Embedding New Cells onto an Existing t-SNE Projection

By: Iva Černoša, Jun 14, 2019

Note: This blog is in many ways a continuation of our previous blog Identification of Cell Populations in Healthy Bone Marrow , therefore it is advisable to read it before tackling this one.

Batch effects can be a real nuisance when producing t-SNE plots of multiple data sets. In today’s blog we will show how to bypass them in scOrange by projecting single cell data set from an AML patient onto a t-SNE of healthy individual’s bone marrow cells clustered according to the cell type we have generated in our previous blog.

We will be using the same data as in our previous blog gathered by Galen et al. (Cell, 2019) which is available in the GEO database under the accession number GSE116256. More accurately, we will be using the data as we annotated it after clustering in the last blog. We need the annotated data from the healthy subject (BM4) and one AML patient (AML556) before, 15 days after and 31 days after undergoing chemotherapy. If you want to skip recreating the whole workflow from our previous blog, just use the Merge Data widget to merge the data from the healthy person with its annotation file. If you followed the previous workflow, use the Save data widget after the Merge Data widget to export the annotated data.


We have to load the data from the healthy individual and from the AML patient before the chemotherapy separately. Then run both datasets through the Genes widget, normalise it on counts per million and put it on a logarithmic scale in the Single Cell Preprocess widget. Now we can make our primary t-SNE projection from the data of the healthy individual.

Next, we use the t-SNE projection of the cells from the healthy individual as a template for assessing the cells from the AML patient by using the Apply domain widget.

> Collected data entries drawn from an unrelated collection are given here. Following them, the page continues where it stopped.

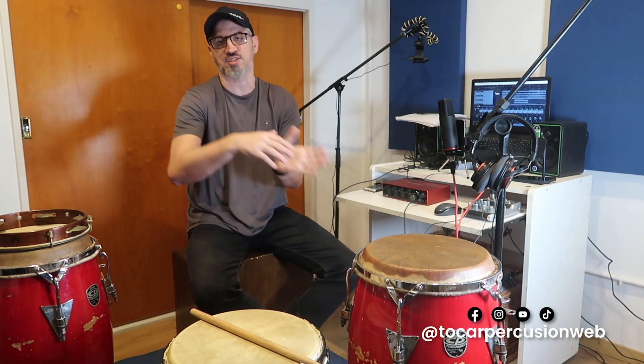After this second verse, what comes is the chorus, and for that I recorded the same as I used for the first chorus. So let's listen now to the final result of the full recording.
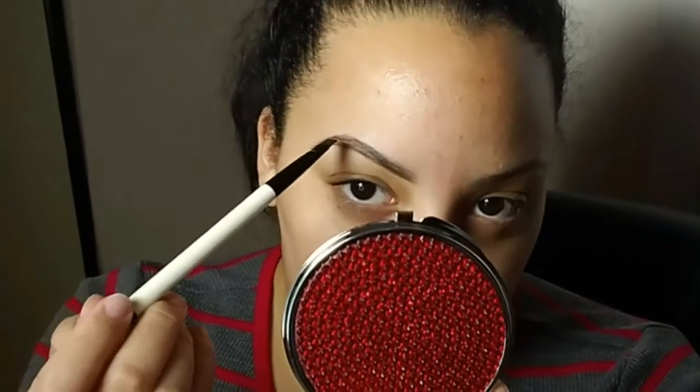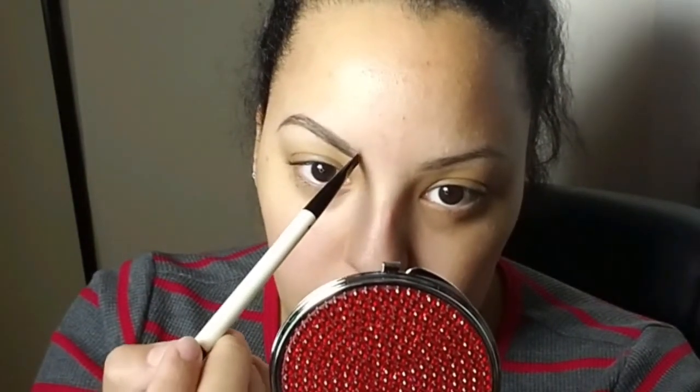Now I'm going to take a little bit of the lighter brown, just tap it onto the brush, and focus it right here. Then just feather-like strokes upward in the front.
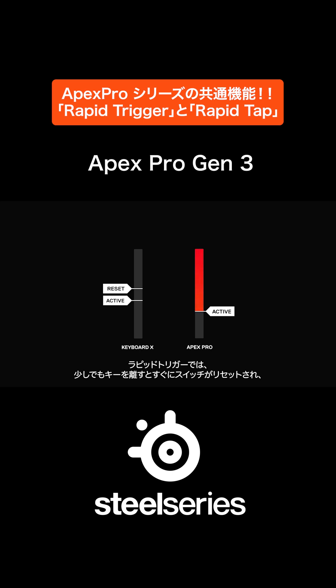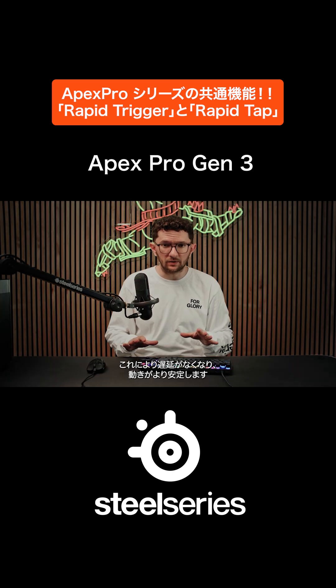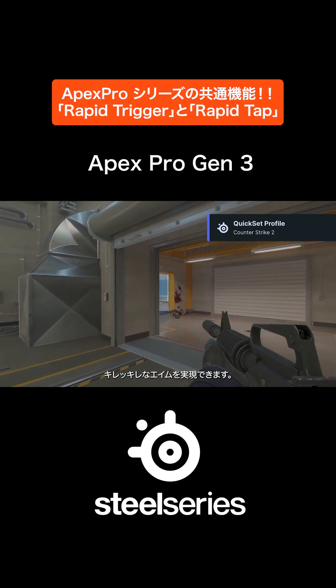With Rapid Trigger, the switch resets as soon as you release any amount of pressure, and reactivates as soon as pressure is reapplied. This essentially eliminates latency, making your movement more steady and your aim super crisp.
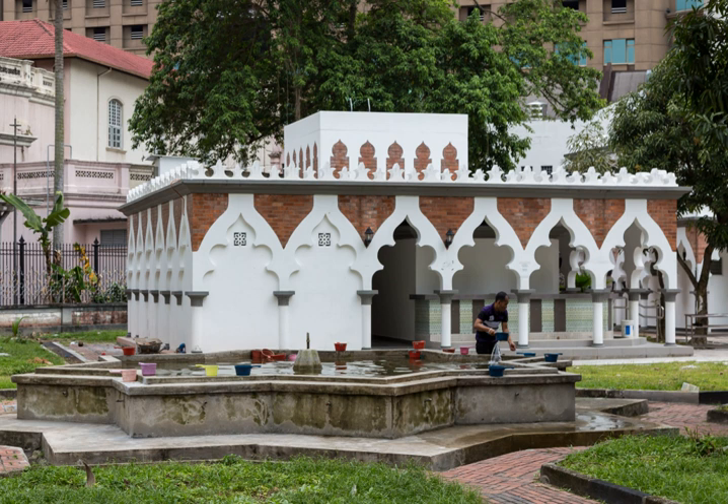Shia Muslims also perform the ablution before namaz-e-tawbah. Ghusl is often translated as 'full ablution', as opposed to the 'partial ablution' of wudu that Muslims perform after lesser impurities such as urination, defecation, breaking wind, deep sleep, and light bleeding. It is a ritual bath.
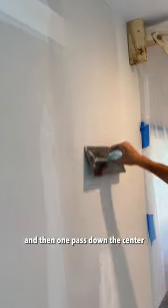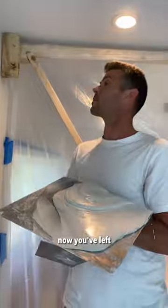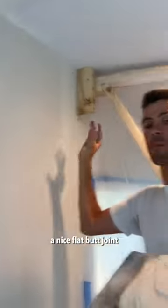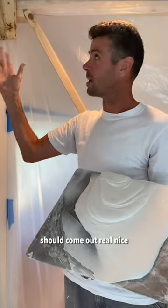There's a lift-off as well. One pass to knock down this lift-off mark and then one pass down the center. And that's it. Now you've left all the mud in the places you want it and it's going to turn out a nice flat butt joint, especially after sanding — one more coat should come out real nice.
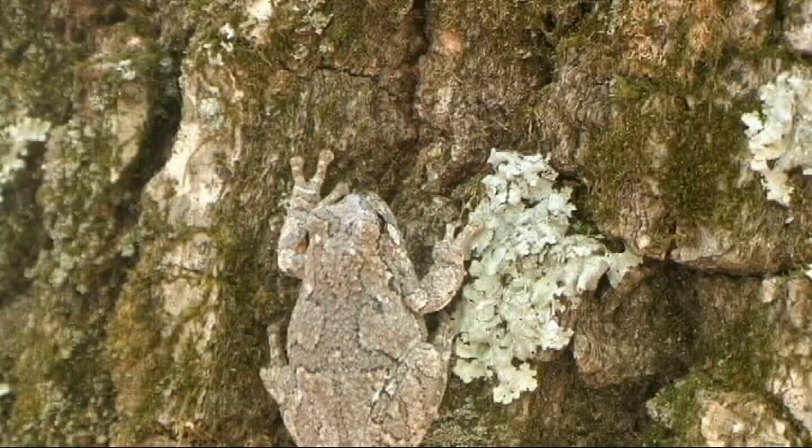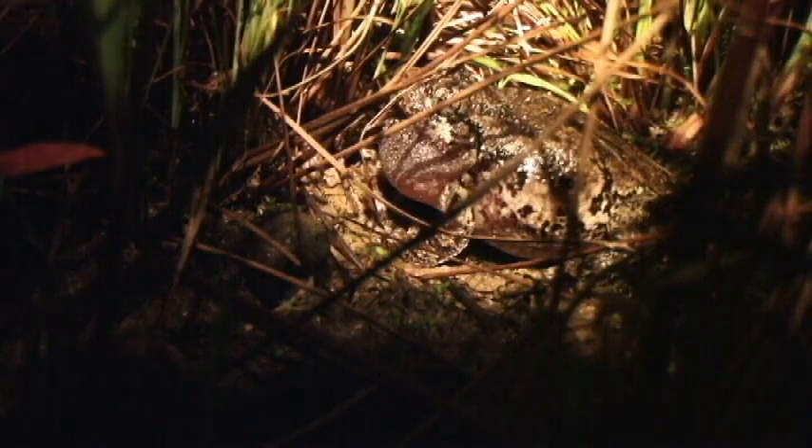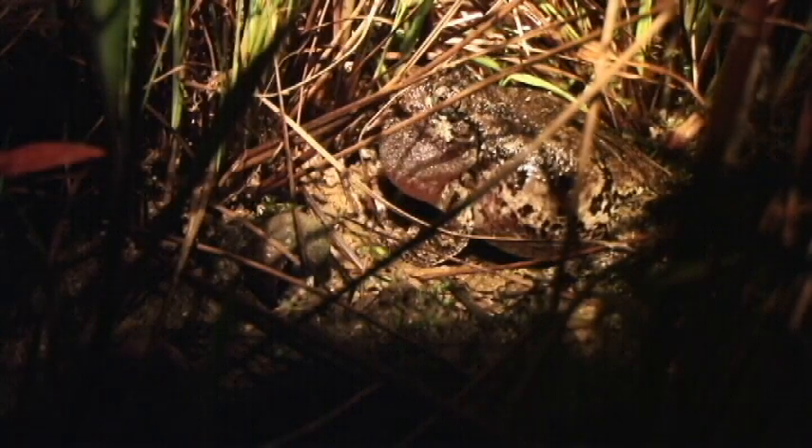There are however two species in our area, the Cope's gray tree frog and the common gray tree frog. These are so similar that they would be best distinguished by their voice alone, and so it is not practical to try to distinguish between these two tree frog species in our area by their visual appearance alone.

Before we display the data, we have to merge it using the Concatenate widget, where we select the append data source ID so that we can display this selection in the Scatter Plot widget. t-SNE is our primary data input and Apply Domain our secondary data input.


Because we don’t want to reexecute t-SNE and run into problems with the batch effect in doing so, we use the Scatter Plot widget to display the data and set t-SNE-x and t-SNE-y as variables for the x and y axis.


This is our projection of the single cell data from the AML patient before the chemotherapy onto the t-SNE of the cells from a healthy person. The projected cells are displayed as grey crosses. By using the dataset sampled on 15th day after the patient has first undergone chemotherapy, we can explore how the therapy affects cell populations.


Looking at the clustering pattern from our earlier blog, we can conclude that the cells here are predominantly T and natural killer cells, which is consistent with clearance of the cells during the chemotherapy.

And how about a month after the chemotherapy?


The hematopoietic stem cells have repopulated and, as we can see from the distribution of the grey points on the t-SNE representing cells from the patient, formed different cell types.

In short, we have shown how to display the cell types with the help of t-SNE and a pre-existing reference data set with known cell types.

References
Van Galen P, Hovestadt V, Wadsworth MH, et al. (2016). Single-Cell RNA-Seq Reveals AML Hierarchies Relevant to Disease Progression and Immunity. Cell, 176(6), 1265–1281.